Linux shell: Base64 Decode with removing line breaks

Question

I have a file where each line is a base64-encoded XML document. The decoded XML documents may contain new line characters. I would like to grep out each XML document containing a given word.

The problem is that, when I decode the lines of the file, I have multiple lines for each base64-encoded line and I cannot grep it any more. I need something like base64 decode + remove line breaks in one step.

How can I achieve that in the Linux shell? I have Python, Perl and awk available.

>cat fileContainingBase64EncodedXMLsInEachLine.txt | what should I write here?

Input:

PGZvbz4NCjxiYXIvPg0KPC9mb28+
PGZvbz4NCjxodWh1Lz4NCjwvZm9vPg==
PGZvbz4NCjxiYXJvbWV0ZXIvPg0KPC9mb28+

Expected Output

Let's say I want the XML documents containing 'bar'

<foo>
<bar/>
</foo>
<foo>
<barometer/>
</foo>

An example for my problem

>cat fileContainingBase64EncodedXMLsInEachLine.txt | base64 --decode | grep bar

Delivers:

<bar/>
<barometer/>

So I do not have the full xml documents containing bar and barometer.

Your description is not clear. Add more samples of input and output in your post and do let us know your efforts too on it too. — RavinderSingh13, May 23 '18 at 08:38
I hopefully made it clear now. Please give feedback if not. Thanks. — Gábor Lipták, May 23 '18 at 08:45
@Gábor: I don't understand why you think the embedded newlines prevent you from searching for the keyword you're looking for. Can you please show the code that you've written to decode the base64 data? — Borodin, May 23 '18 at 08:56
BTW, I wouldn't try doing this directly in the shell. It's possible to parse files line by line with Bash, but it's not very efficient. You'd be better off writing a small script in Python, awk, or perl. Show us some code, with a few lines of actual input & output, explain what it's doing wrong, and we can help you fix it. — PM 2Ring, May 23 '18 at 09:01

PM 2Ring · Accepted Answer · 2018-05-23T10:26:26.220

3

Here's some Python code that accepts a filename followed by the search word on the commandline. As usual, if either arg contains spaces, it must be quoted.

import sys
from base64 import b64decode

fname, pattern = sys.argv[1:]
with open(fname) as f:
    for row in f:
        row = b64decode(row).decode()
        if pattern in row:
            print(row, end='\n\n')

Running this on your data with "bar" as the pattern arg gives:

<foo>
<bar/>
</foo>

<foo>
<barometer/>
</foo>

In order to practice my rather rusty awk skills, I decided to write an awk command line to do this. It uses the standard base64 command to do the decoding.
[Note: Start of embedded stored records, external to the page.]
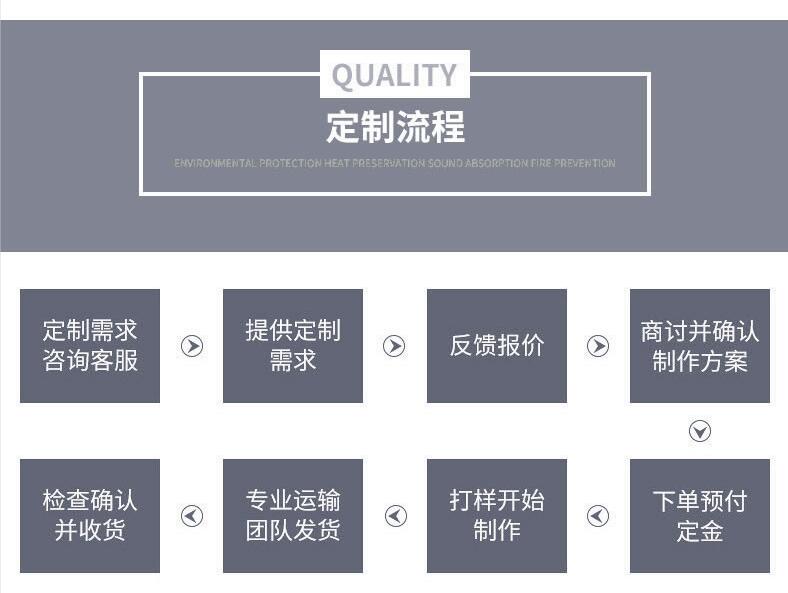 <a href=http://www.jiaerw.com/e/tags/?tagname=%E5%8F%AF%E6%8B%86%E5%8D%B8%E4%BF%9D%E6%B8%A9%E8%A1%A3 target=_blank class=infotextkey><a href=http://www.jiaerw.com/e/tags/?tagname=%E5%8F%AF%E6%8B%86%E5%8D%B8%E4%BF%9D%E6%B8%A9%E8%A1%A3 target=_blank class=infotextkey>可拆卸<a href=http://www.jiaerw.com/e/tags/?tagname=%E4%BF%9D%E6%B8%A9%E8%A1%A3 target=_blank class=infotextkey>保溫衣</a></a></a>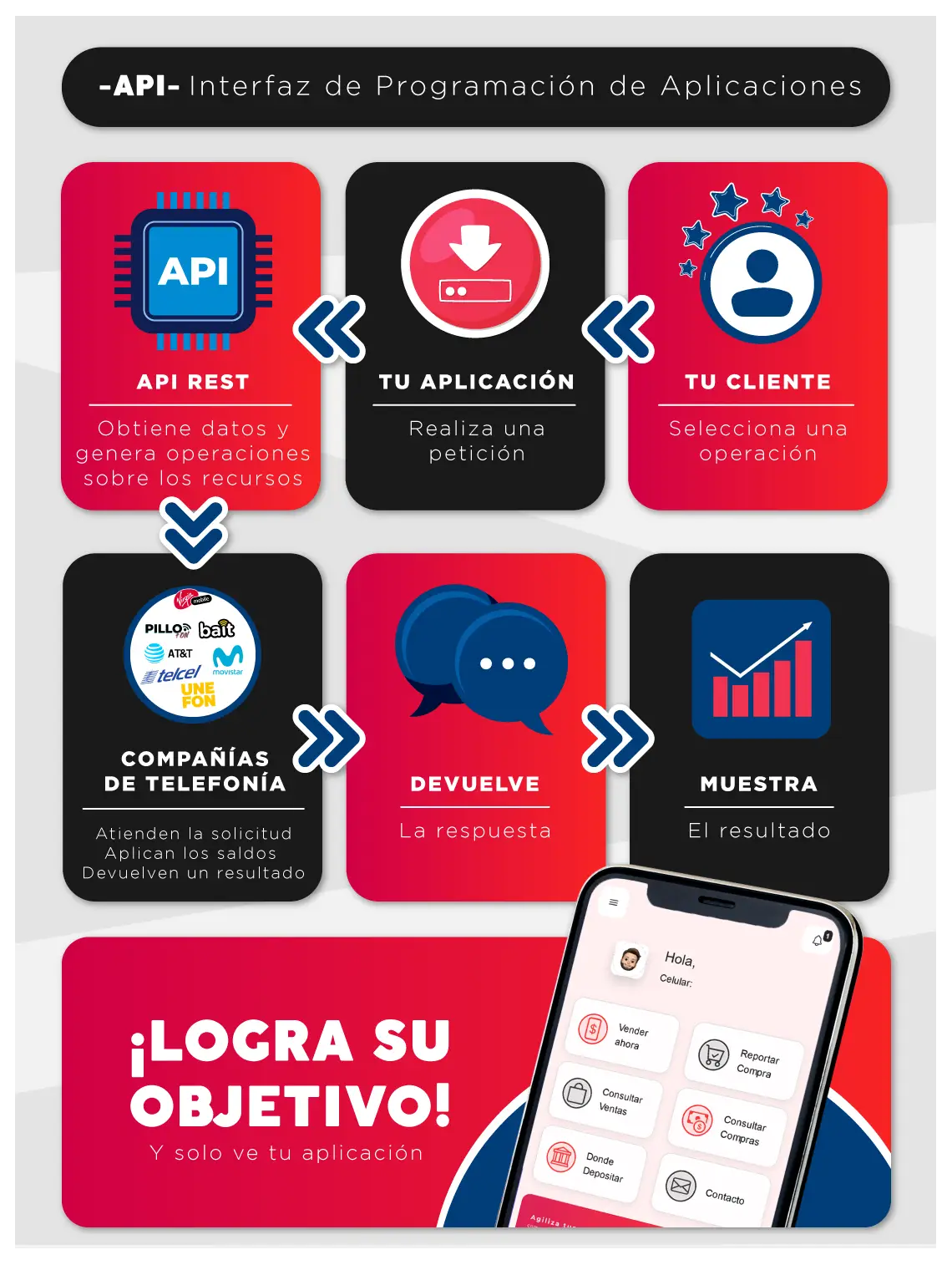 Conoce como funciona nuestra api, integra a tu app las recargas electrónicas telcel
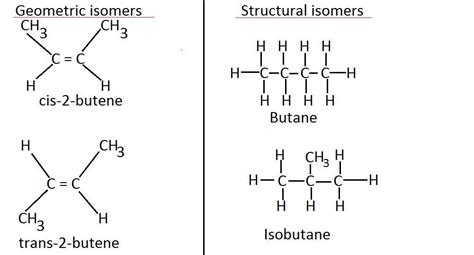 isomers    physical  chemical properties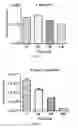 Fig. 04 - ANTIMICROBIAL COMPOUNDS AND COMPOSITIONS, AND USES THEREOF
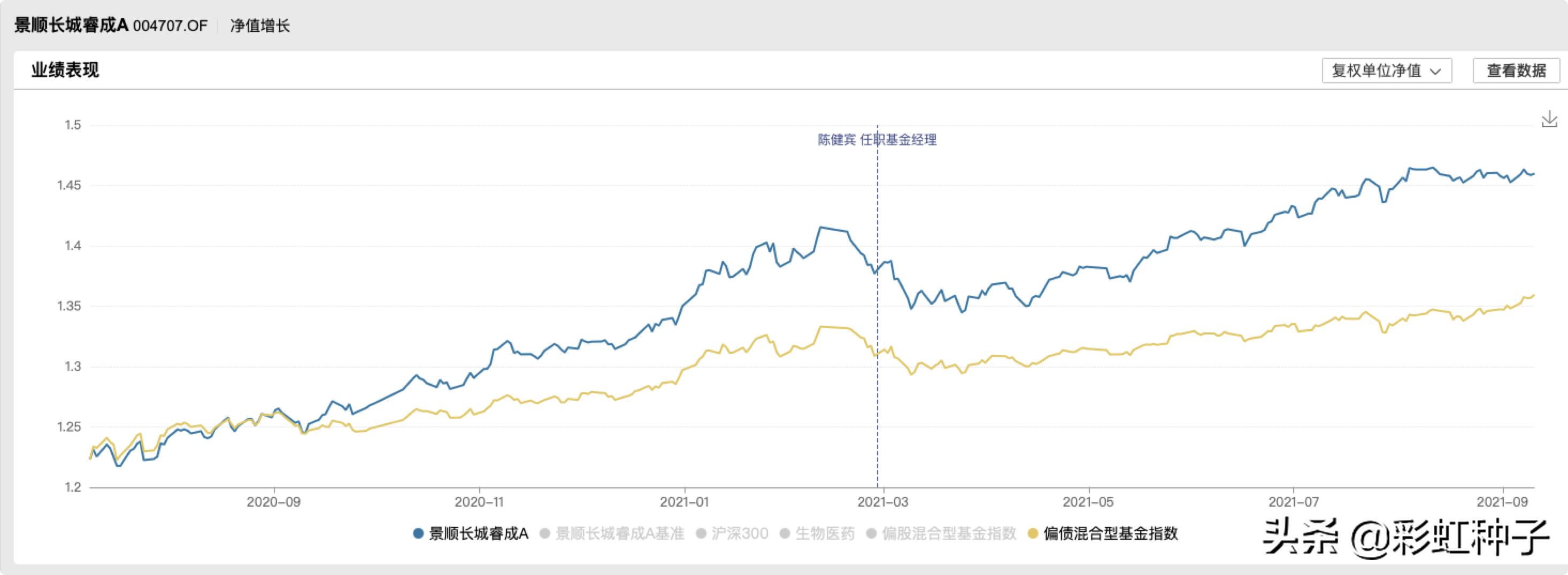 一句话点评NO.665｜南方基金李文良-南方富誉稳健，值不值得买？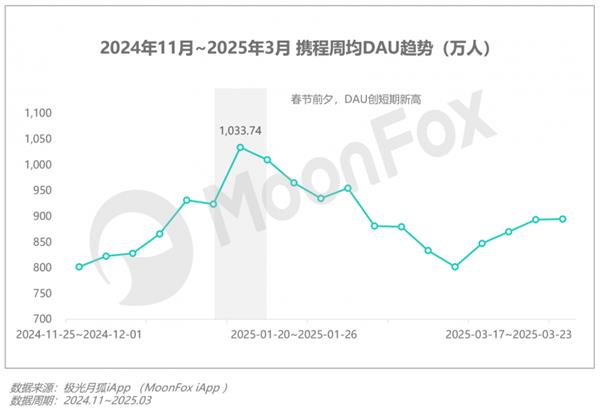 极光月狐数据发布：2025年Q1移动互联网行业数据研究报告(图28)
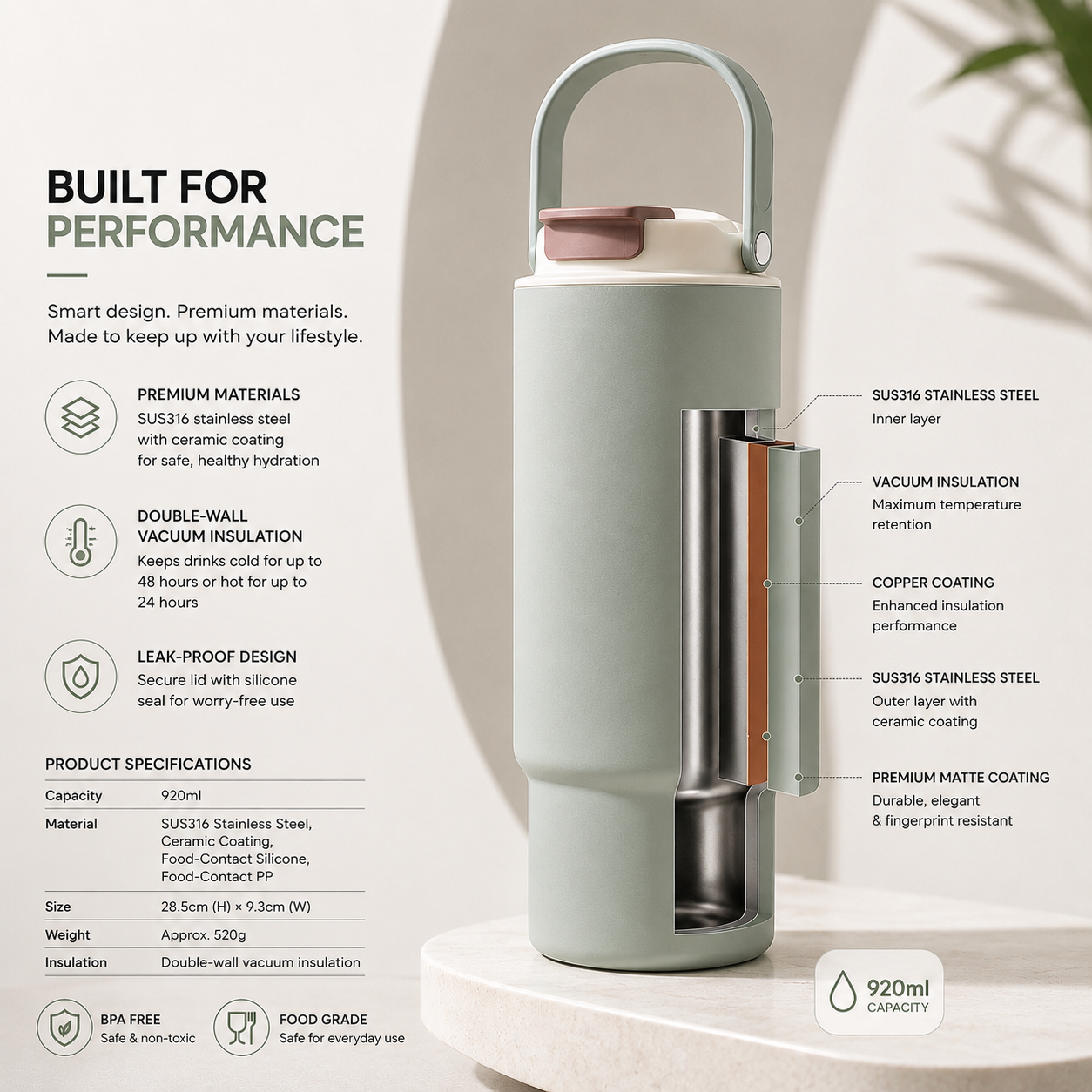 DILLER 920ml Ceramic Coated Insulated Travel Tumbler with Tea Filter | SUS316 Stainless Steel | White, Green & Yellow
awk 'BEGIN{cmd="base64 -d"}; {print |& cmd; close(cmd,"to"); z=""; while(cmd |& getline s) z=z s "\n"; close(cmd); if (z~pat)print z}' pat='bar' testdata_b64.txt

You pass it the pattern using the pat argument, which can be a regex. You can send data to it via standard input, or you can give it one or more filenames on the commandline.

Note that regex patterns need double escaping, eg pat='\\<bar\\>' matches the word bar.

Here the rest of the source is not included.